Kat Suryne is an artist from Belarus will have a residence in Tartu during all June. She will use and learn printing techniques in the Estonian Printing museum.
“I started studying drawing and painting in 2000 and graduated from Hrodna Secondary Art School in 2004 with excellence, in 2005 I took courses of linocut and monotype there. After my entrance to Belarusian State University, I took a break of panting and devoted exclusively to philosophy. I got back to panting and launched my artistic career in 2013 while studying for my second Master degree at the University of Tartu, Estonia. A highly inspirational atmosphere there enabled me to start realising my dream of developing both academia and art in parallel with success, which I have harboured for many years. I was invited to participate in two art projects by Mexican artist RSM, the results of which was exhibited in Tartu in May 2014. Although my research work concerns biosemiotics and philosophy of mind, the issues of self and subjectivity are persistent throughout my art and academia.
I do not intend to connect my academic research with my artistic practice in principle as I think that the difference is the major source of energy and creativity for both activities. In art, I prioritize the human figure over everything else and try to express the self of the character by offering a look of the Other on the spectator to nourish her illusion of having an integral image of herself, to borrow Lacan’s expression. I seek for unexpected effects by combining a traditional canon of depicting the human body with abstract elements and organic patterns. I want my art to create consistent and immersive secondary worlds, which would throw a spectator out of her daily activities and concerns for a moment.”
Description of the project
Title: Déjà Rêvé
Media: Mixed on solid canvas
Dimensions: 4-5 artworks 60x80cm each + handkerchiefs.
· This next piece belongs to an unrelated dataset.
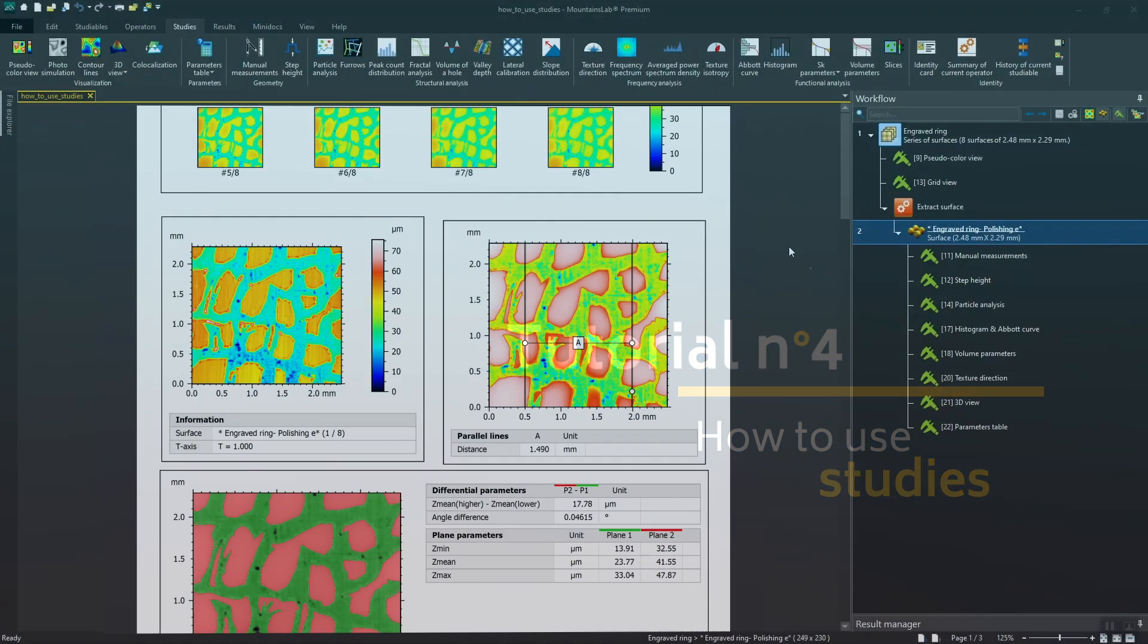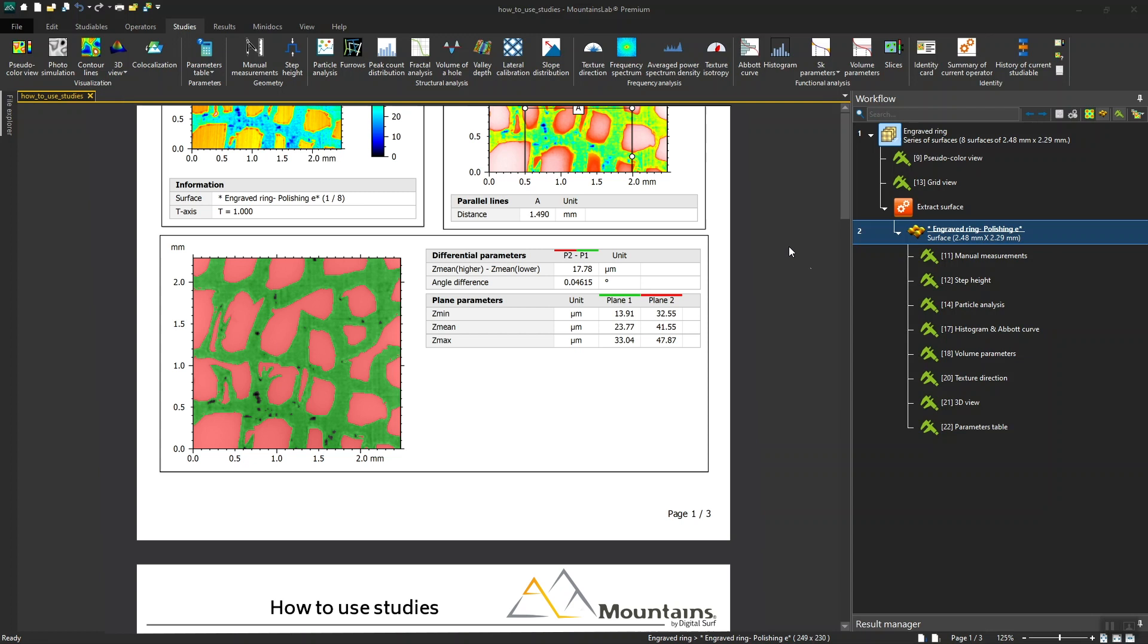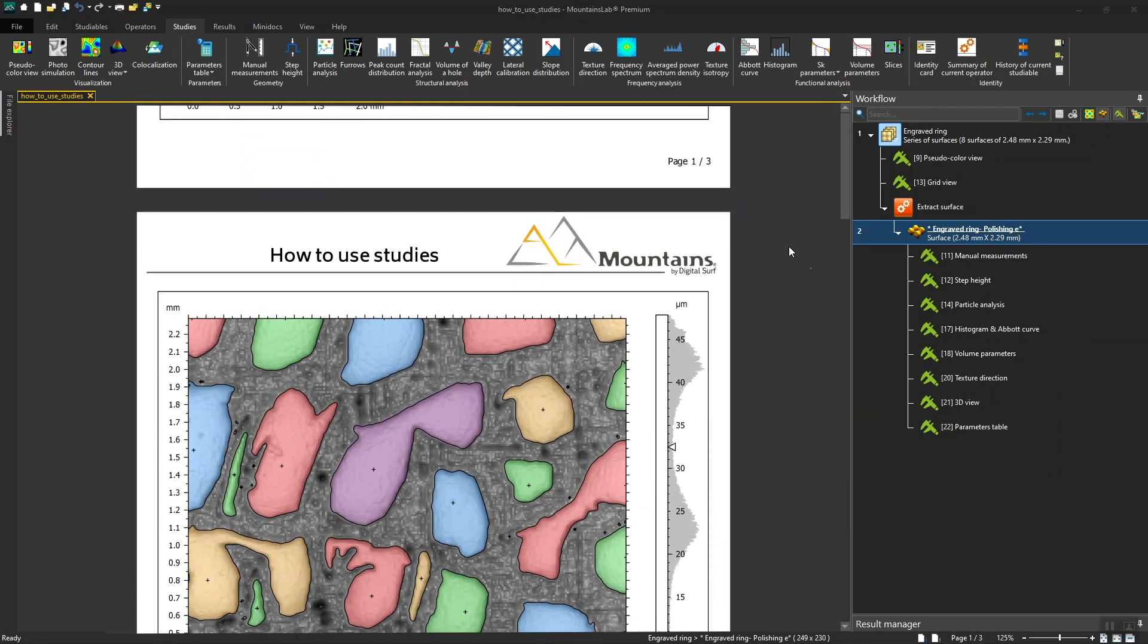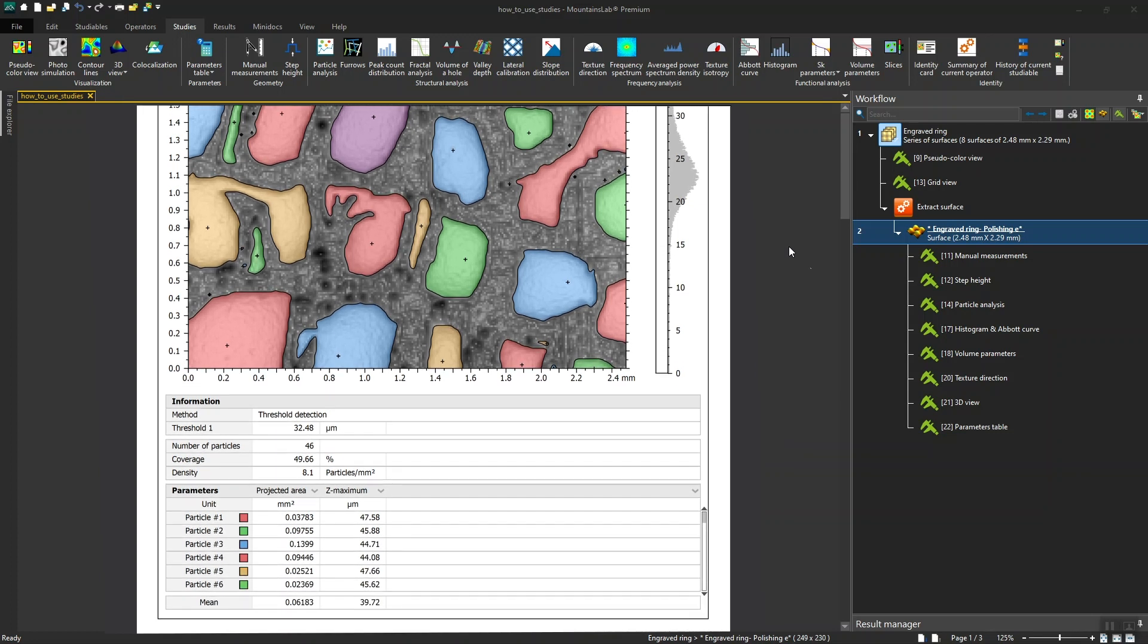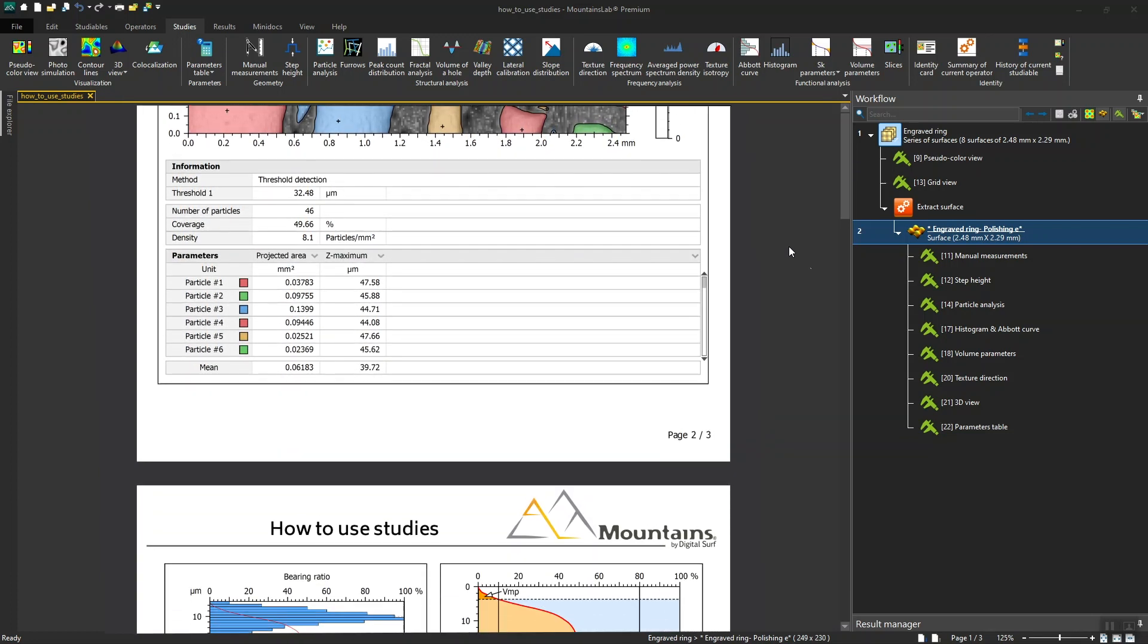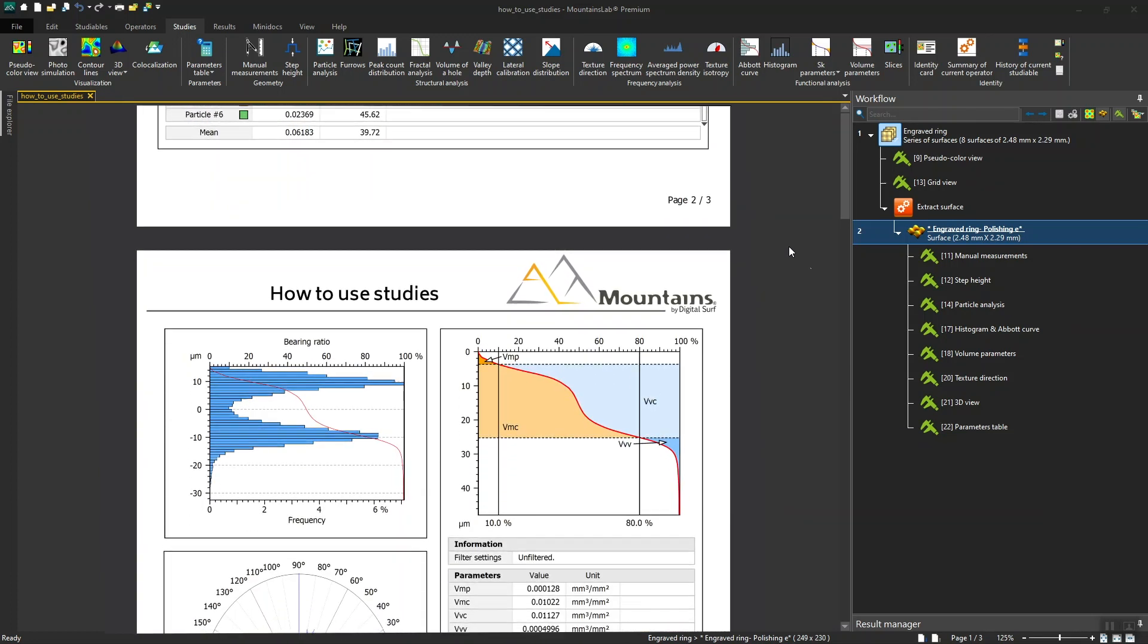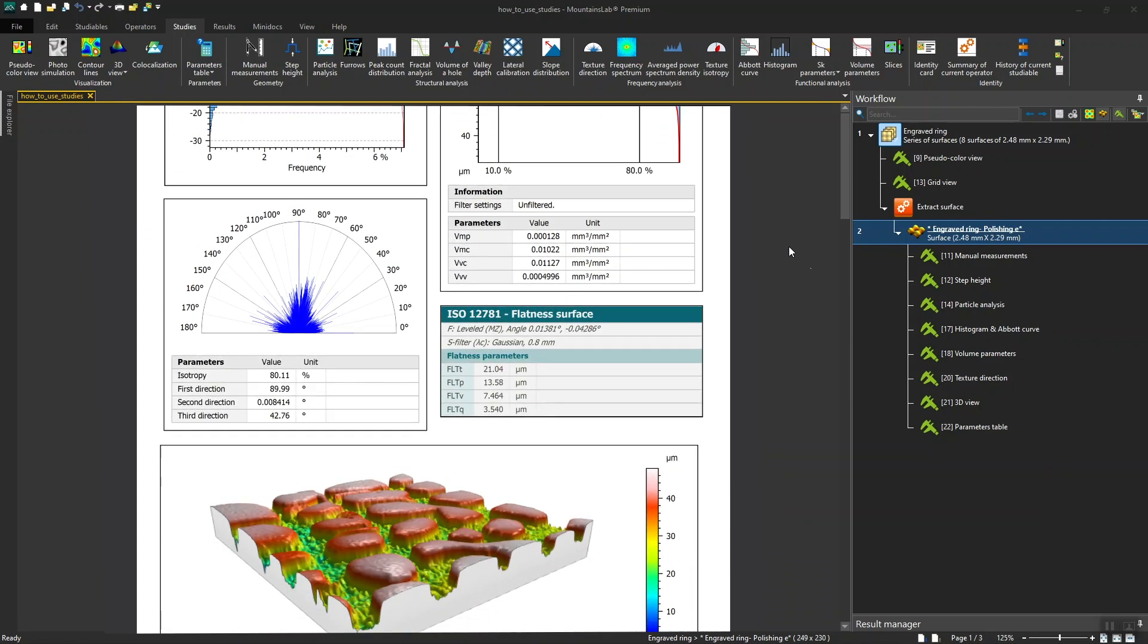In MOUNTAINS, studies are the different forms of analysis carried out on data or studyables. Unlike operators, studies do not modify studyables, but help draw other information from them through visualization or analysis.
The project deals with the memory of things and settings, particularly, their ability to be read as symbols, which set the perspective for creating unlimited set of variable possible worlds. Traditionally, the mirror is one of the things that have the biggest sense load, and, due to a detached and alienated character of our mirror image, we tend to perceive it as the image of the other who conceals her possible world. Thus, the works will be focused on possible worlds suggested by vintage things and retro settings, and demonstrated in the mirror. The mirror on each work will contain the reflection of a female character, whose appearance suggests an epoch to which a particular ‘possible world’ pertains: 70-80s, 50-60s, 30-40s and 20s. Technically, the works will combine elements of engraving, drawing and painting.